Scott, Our school has found that using professional learning communities has promoted good questions and great professional discussion. The learning groups have zeroed in on common problems and read, tried things, etc. Then the group comes back and discusses findings. Did it work? How do You know it worked? What next? The communities have used student work and their lesson plans to allow the group members to help them improve learning.
This may not be exaclty what you are getting out, but I think that professional learning communities are great places to ask questions and explore professional practice if your school has the kind of environment that allows people to try things and make mistakes without being penalized.

CRC said...

CRC asserts. . .
You can become a better teacher of writing only by learning more about writing, about written language--the concrete reality of our work as writing teachers. You are uniquely a teacher of language and written rhetoric or discourse. Have you had a course in the history of writing, from its magical beginnings in what is now modern Iran? A course in syntax and cohesion? A course in the history of the English language? In the history of rhetoric? In grammar and cohesion? At least two writing workshops in different genres you teach? Have you read about how published writers actually manage writing projects, getting them accomplished without undue torment? Don't be diverted by all the abstract jargon that floats around in our field as a comfort to the uninformed--process, critical thinking, analysis, critical reading, thinking, critical thinking, etc. You are a teacher of English language and writing. Those are your subjects to know intimately. Nothing else can substitute. There are no shortcuts. This fundamental, grounding knowledge helps you make good decisions about how to help students of any age develop as writers. You translate it for your students. (It's not for you to teach and quiz in the form in which you learned it.)
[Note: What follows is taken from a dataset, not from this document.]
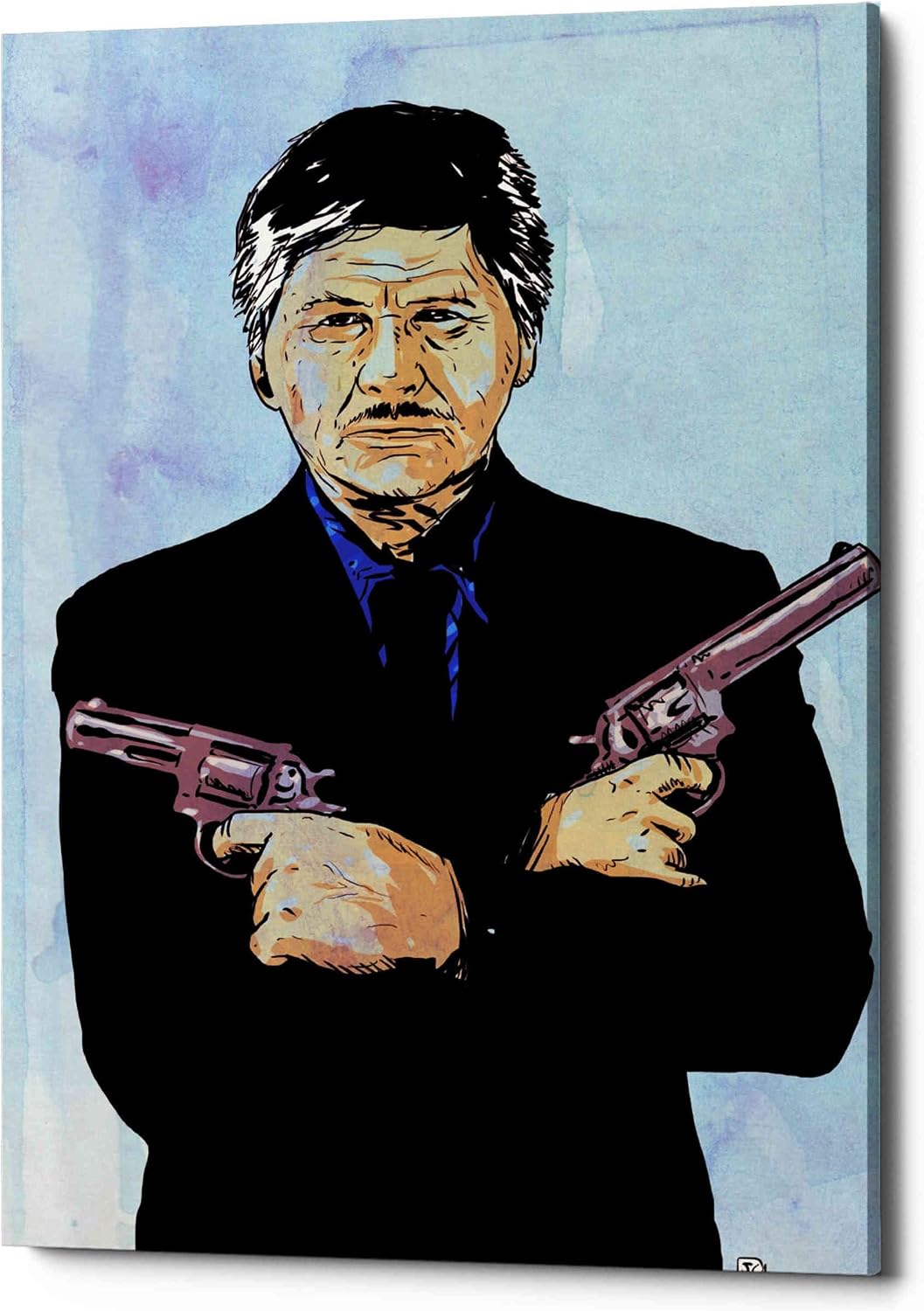 Epic Graffiti 'Charles Bronson' by Giuseppe Cristiano, Canvas Wall Art, 12"x16"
And: You have to show students examples of the genres you want to teach them, even if you have to write models for them. Broad reading of any and all kinds will not teach students how to explain a concept or process, evaluate (make a judgment about) a movie or story, write a short story, take a stand on some local current issue, etc., etc.

Also: you have to carefully stage students' work on any writing assignment, from genre study, through invention, to revision.